The problem:
Each entry is to be reproduced verbatim, and images are to be omitted.

Short descriptive text snippets:
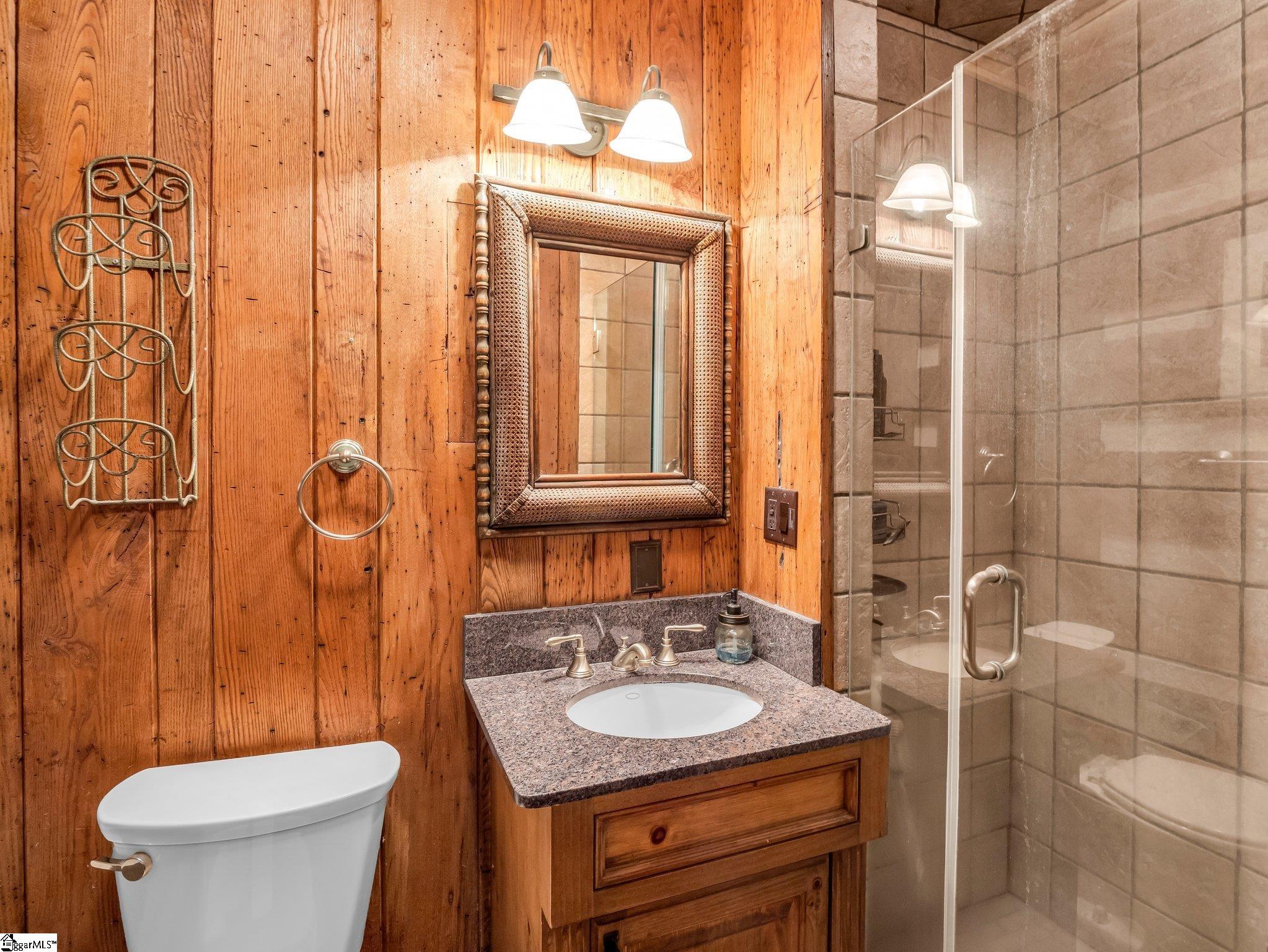 980 Mountain Forest Drive Property Photo 14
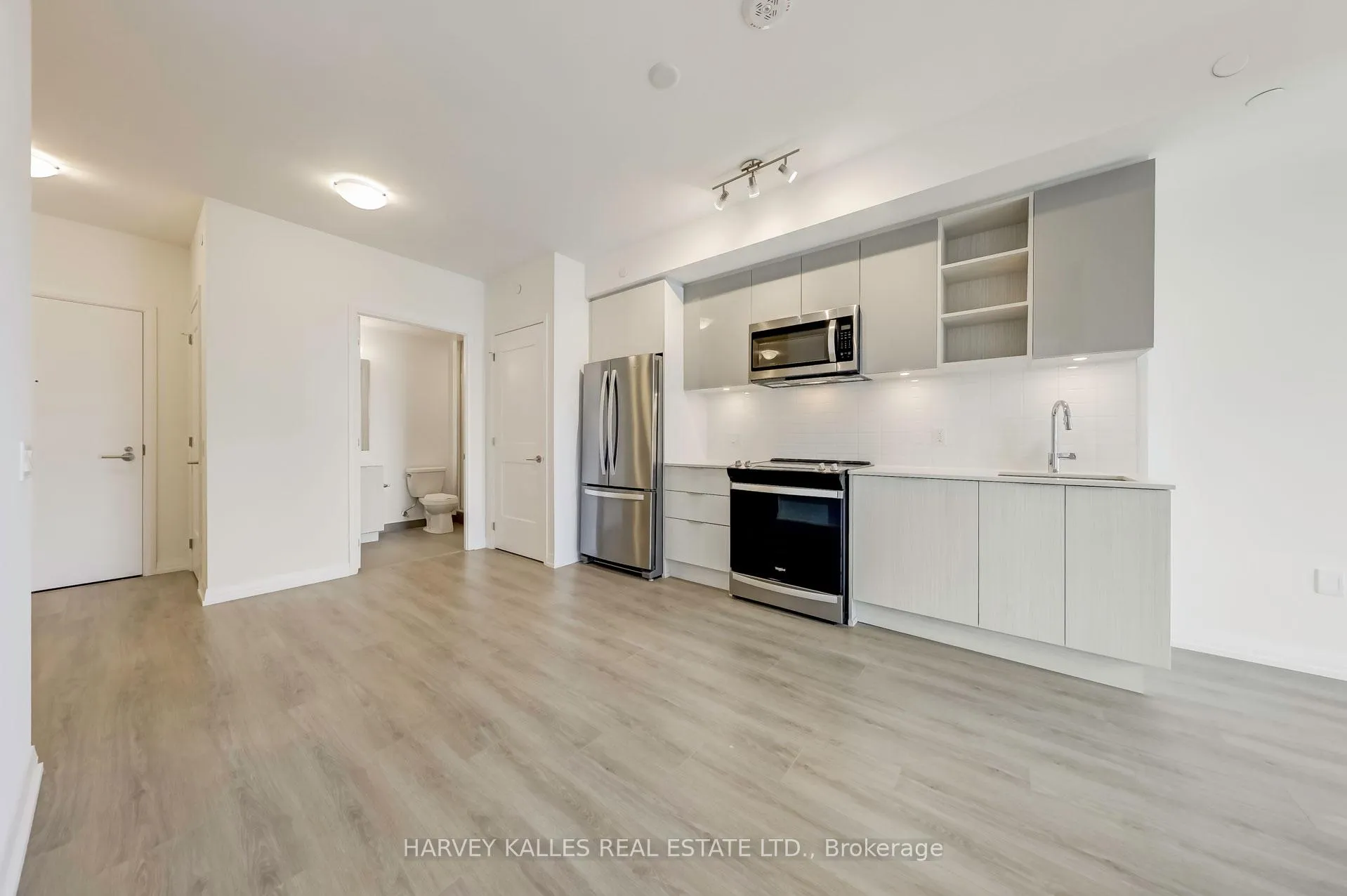 Photo 8 of Unit 3214, 50 Dunfield Avenue, Toronto, Mount Pleasant West — HOMEH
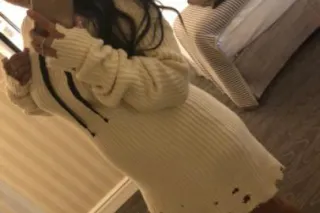 HOW ABOUT SUM SKIRT TO WORK IT BEATS GRABBING THE MEAT AND DOING THE JERK.. - Image 1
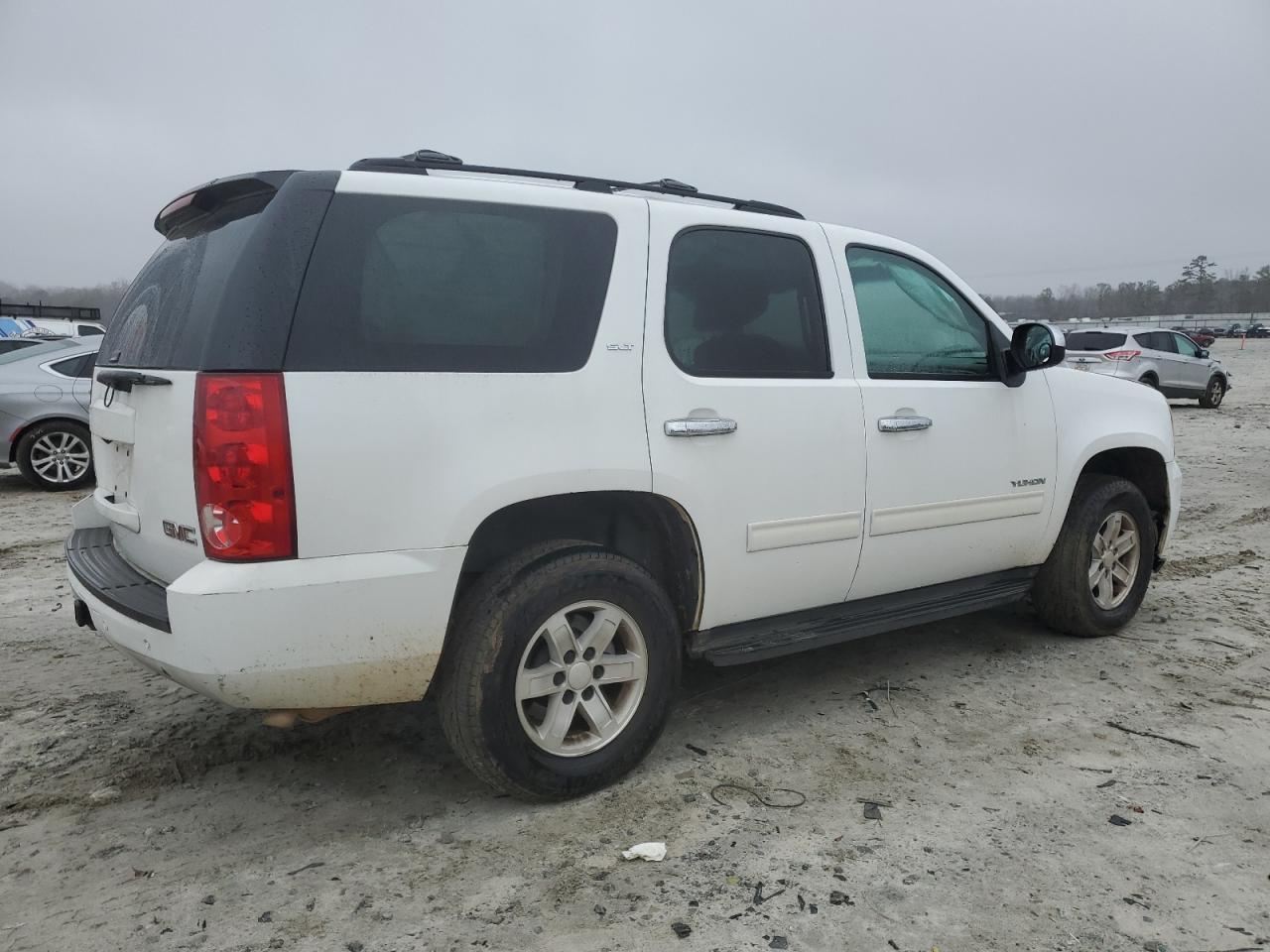 2010 GMC Yukon VIN 1GKUKCE03AR204959 Copart auction photo, front end damage thumbnail 3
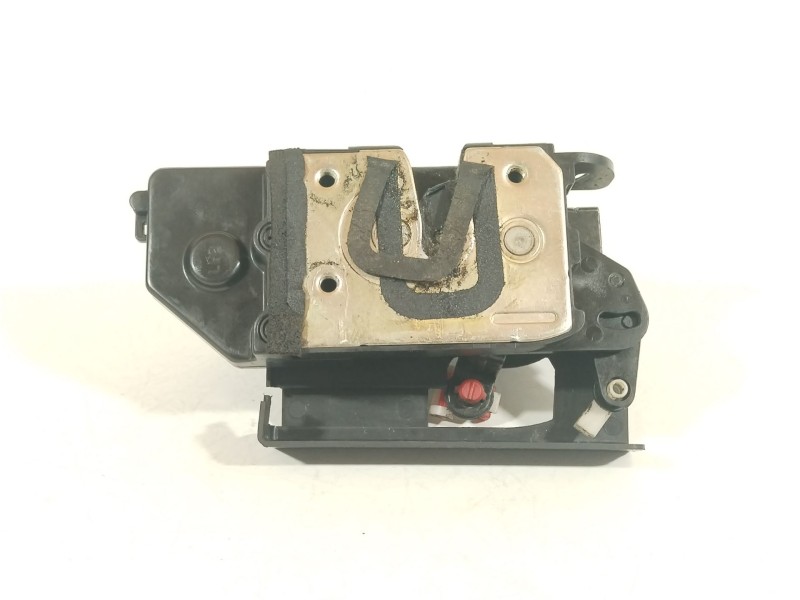 Recambio de cerradura puerta delantera izquierda para ssangyong rodius i 2.7 xdi referencia OEM IAM 7121021021  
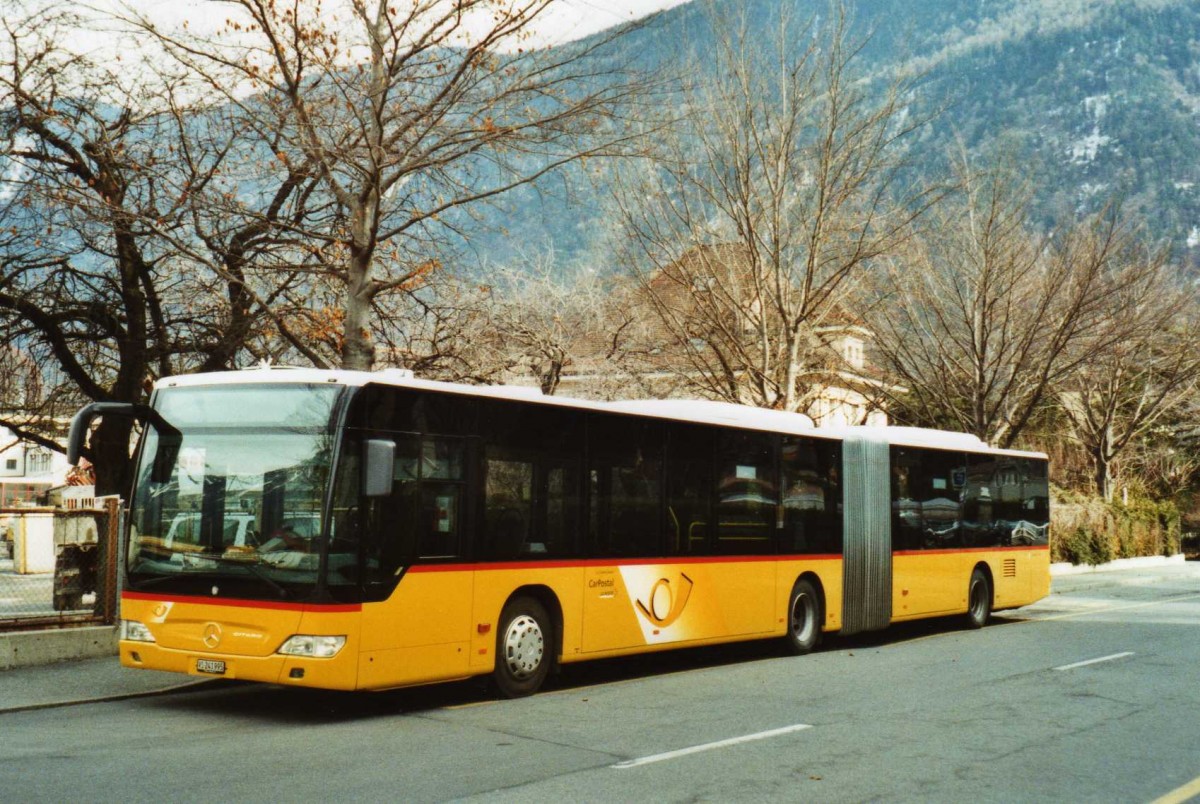(114'710) - PostAuto Wallis - Nr. 10/VS 241'995 - Mercedes am 1. M�rz 2009 beim Bahnhof Martigny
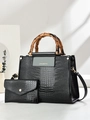 Détail du sac à main noir texture crocodile avec poignées en bambou et pochette assortie - Noir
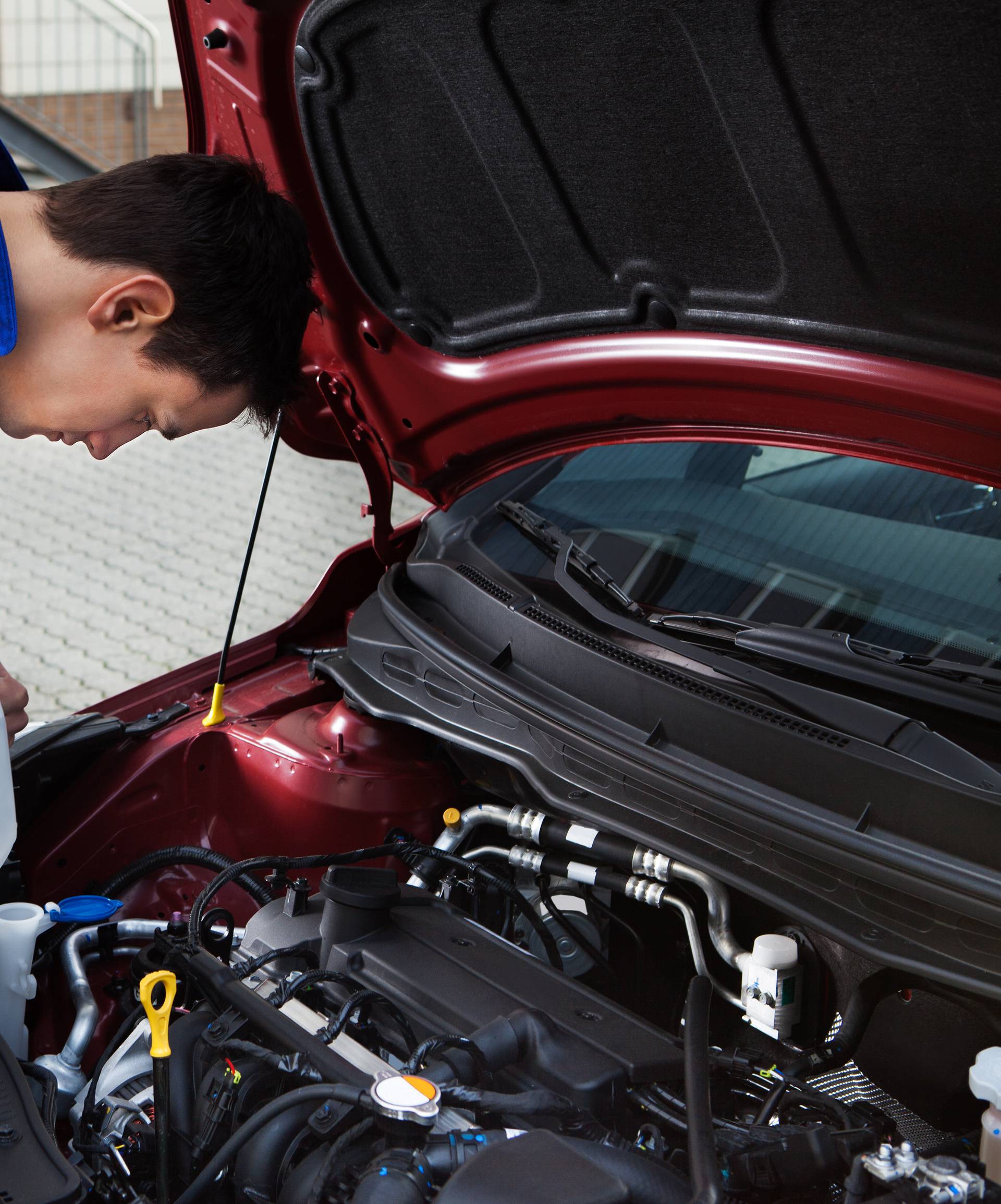 U auto nije dobro uliti običnu vodu jer se na vrućini pokvari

Finished task:
 980 Mountain Forest Drive Property Photo 14
 Photo 8 of Unit 3214, 50 Dunfield Avenue, Toronto, Mount Pleasant West — HOMEH
 HOW ABOUT SUM SKIRT TO WORK IT BEATS GRABBING THE MEAT AND DOING THE JERK.. - Image 1
 2010 GMC Yukon VIN 1GKUKCE03AR204959 Copart auction photo, front end damage thumbnail 3
 Recambio de cerradura puerta delantera izquierda para ssangyong rodius i 2.7 xdi referencia OEM IAM 7121021021  
(114'710) - PostAuto Wallis - Nr. 10/VS 241'995 - Mercedes am 1. M�rz 2009 beim Bahnhof Martigny
 Détail du sac à main noir texture crocodile avec poignées en bambou et pochette assortie - Noir
 U auto nije dobro uliti običnu vodu jer se na vrućini pokvari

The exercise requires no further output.